*What to do*. Transcribe exactly the lines from the first line of the records through the line containing "Welcome to the", and leave out every picture.

-- Opening Marker --

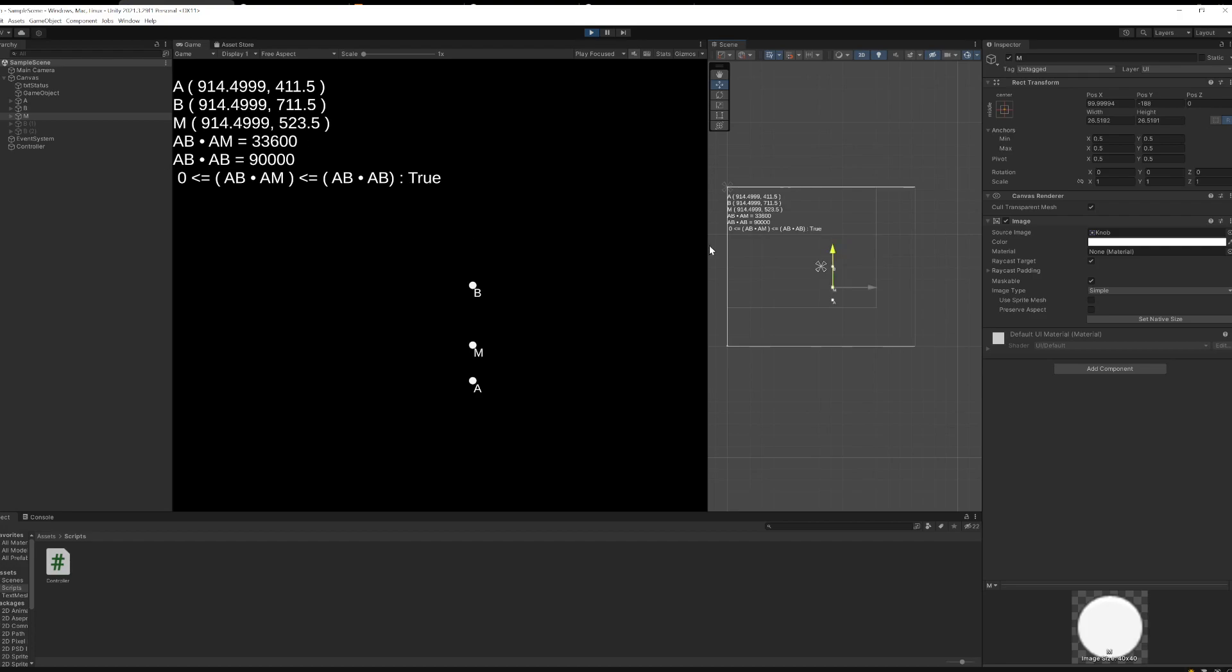So that's kind of why this inequality works, at least when they're collinear. Now let's talk about if I punch it off. What if it's not on the line AB? Well, for some strange reason, this inequality still works. Why is that? Why does it not matter?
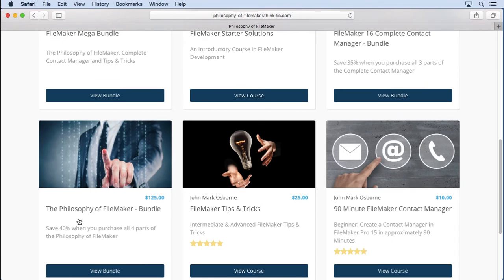Then we have my original series, which is the Philosophy of FileMaker — four videos, so 40 hours worth of training. It covers an invoice solution and goes a little bit farther than the complete contact manager, in that it covers things like WebDirect, FileMaker Go, and FileMaker Server.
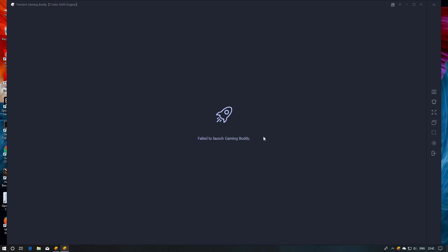I want to find a solution for it and I had messaged the PUBG community. Not only me, there are so many tons of people who are facing the same issue. They also failed to launch the gaming buddy.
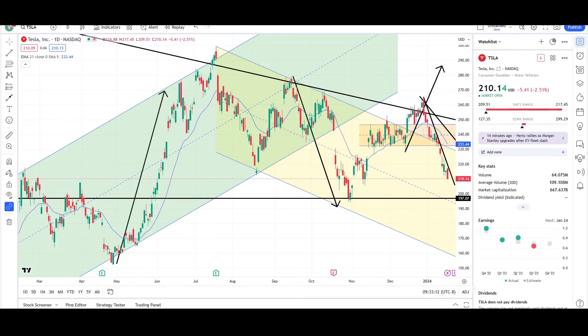What's up traders, this is VTrades and today I will be doing a technical and odds breakdown for Tesla with the ticker symbol TSLA. I will first be going over what I see on the daily chart and finish the video off with the weekly chart.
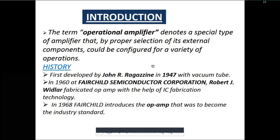Let us move towards its history. It was first developed in 1947 using vacuum tubes. Vacuum tubes were designed before the development of IC 741. In 1960, the Semiconductor Corporation — Robert J. Widlar — fabricated the op-amp using IC fabrication technology. In 1968, the op-amp was introduced and applied as an industry standard. So basically, vacuum tubes came first, after which the operational amplifier was introduced.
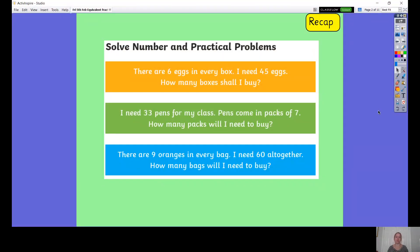Could you pause the video here please and have a go at these warm-up questions? They're all about solving number and practical problems, so off you go.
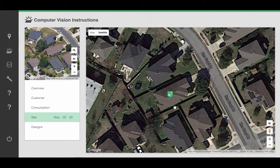Welcome to the training video for Aurora and Vision, which uses computer vision to aid the accuracy and speed of performing remote site assessment.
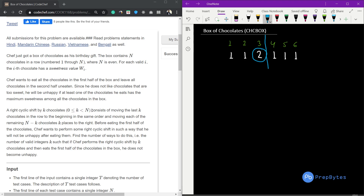A right cyclic shift by k chocolates, where k can be zero but less than N, consists of moving the last k chocolates in the row to the beginning in the same order, and moving each of the remaining N minus k chocolates k places to the right. So it is a rotation: we rotate k elements such that the maximum chocolate value should not be present in the first N/2 elements.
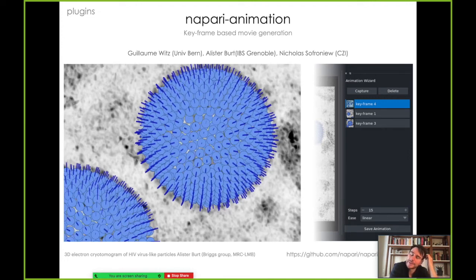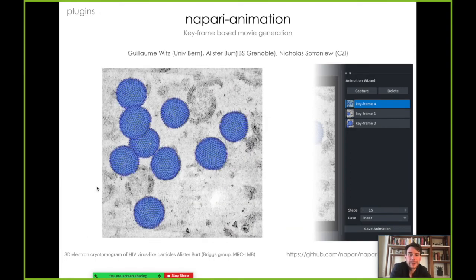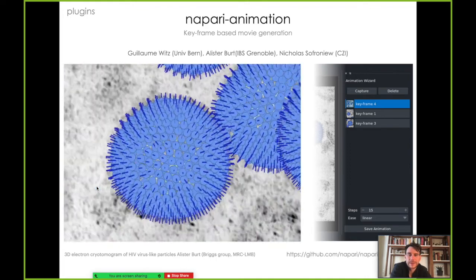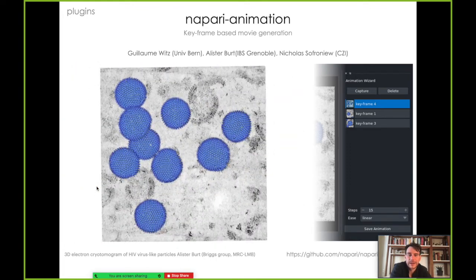Some of the nice plugins in the ecosystem right now: we've got Napari Animation, with great contributions from Alistair Burt and Guillaume Woods. This allows for making animations in Napari — you can select keyframes and it will interpolate the views between them. Really useful for making animations.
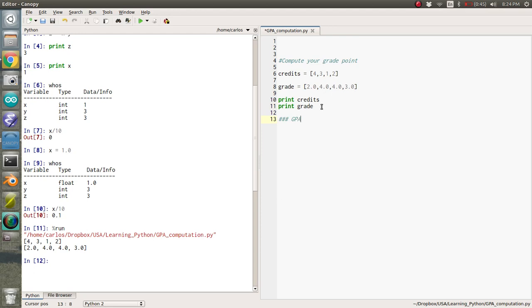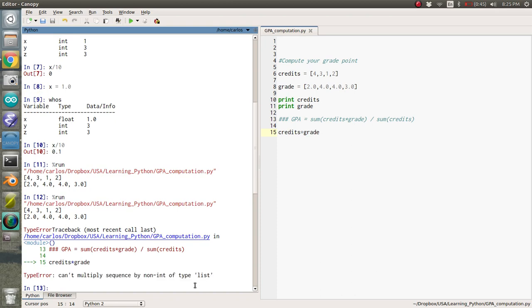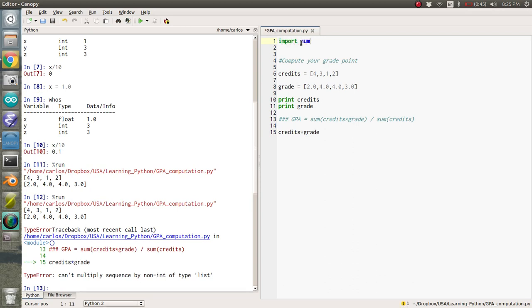So how do you compute GPA? Well, GPA is equal to the sum of credits times grade divided by the sum of credits. So how do you do these things in Python? So unfortunately, if you type in credits times grade and try to run it, it's going to say that it can't multiply list. And that's because everything in Python is a list. So you actually have to do what's called import. And you need to import the numpy toolbox. So this imports the numerical Python toolbox, which is free.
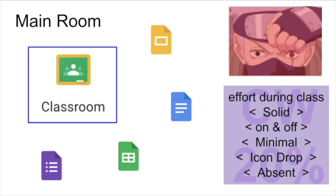If you're not working or if you're working inconsistently, Mr. Thomas will reduce your effort points that day. There are five levels of effort and engagement that we recognize: Solid, on and off, and minimal effort will get you a passing score for the day.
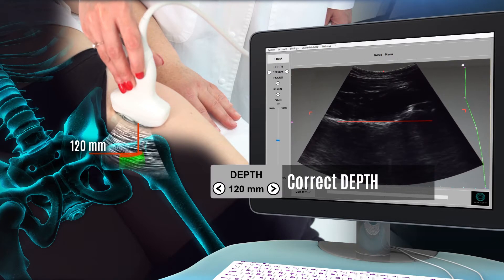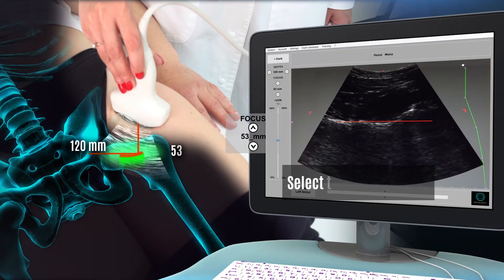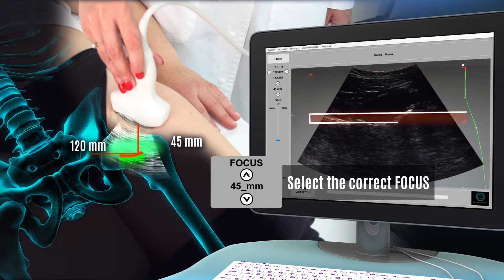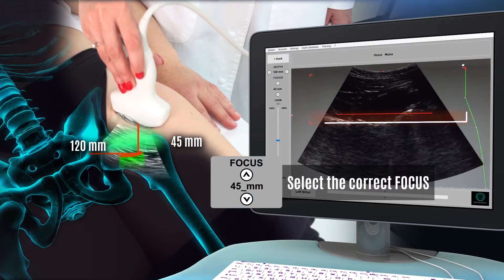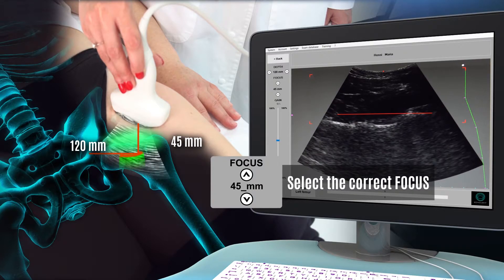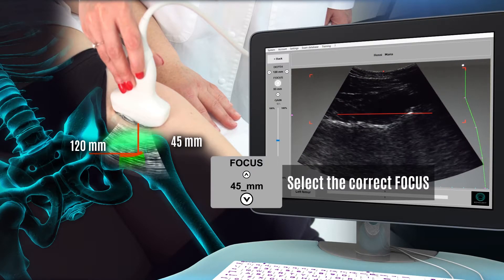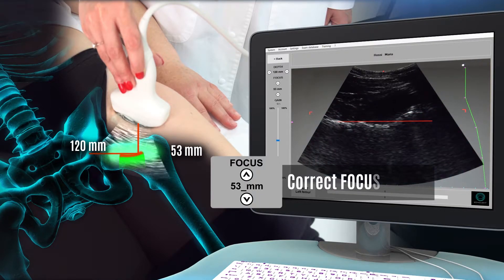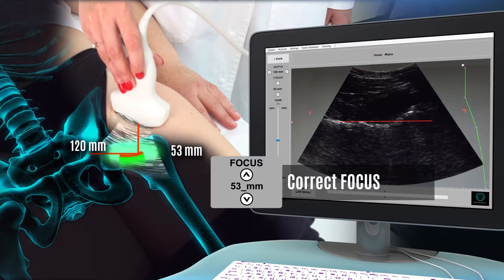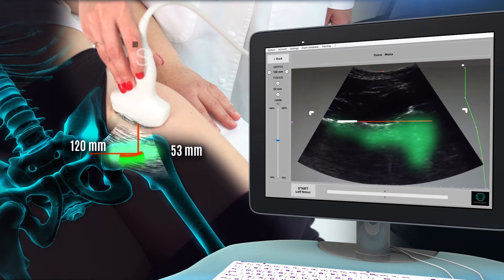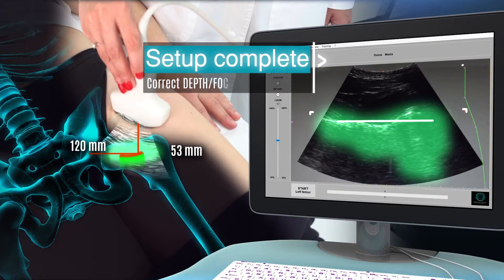After identifying the depth value, select a focus. The focal area is marked by red angles and the main focus point is the red horizontal line. Set the correct value choosing from those available to view the bone interface within the focal area, with the femoral neck under the red line at the same time.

-- Closing Marker --

*Result*.
So that's kind of why this inequality works, at least when they're collinear. Now let's talk about if I punch it off. What if it's not on the line AB? Well, for some strange reason, this inequality still works. Why is that? Why does it not matter?
Then we have my original series, which is the Philosophy of FileMaker — four videos, so 40 hours worth of training. It covers an invoice solution and goes a little bit farther than the complete contact manager, in that it covers things like WebDirect, FileMaker Go, and FileMaker Server.
I want to find a solution for it and I had messaged the PUBG community. Not only me, there are so many tons of people who are facing the same issue. They also failed to launch the gaming buddy.
What's up traders, this is VTrades and today I will be doing a technical and odds breakdown for Tesla with the ticker symbol TSLA. I will first be going over what I see on the daily chart and finish the video off with the weekly chart.
Let us move towards its history. It was first developed in 1947 using vacuum tubes. Vacuum tubes were designed before the development of IC 741. In 1960, the Semiconductor Corporation — Robert J. Widlar — fabricated the op-amp using IC fabrication technology. In 1968, the op-amp was introduced and applied as an industry standard. So basically, vacuum tubes came first, after which the operational amplifier was introduced.
Could you pause the video here please and have a go at these warm-up questions? They're all about solving number and practical problems, so off you go.
Welcome to the training video for Aurora and Vision, which uses computer vision to aid the accuracy and speed of performing remote site assessment.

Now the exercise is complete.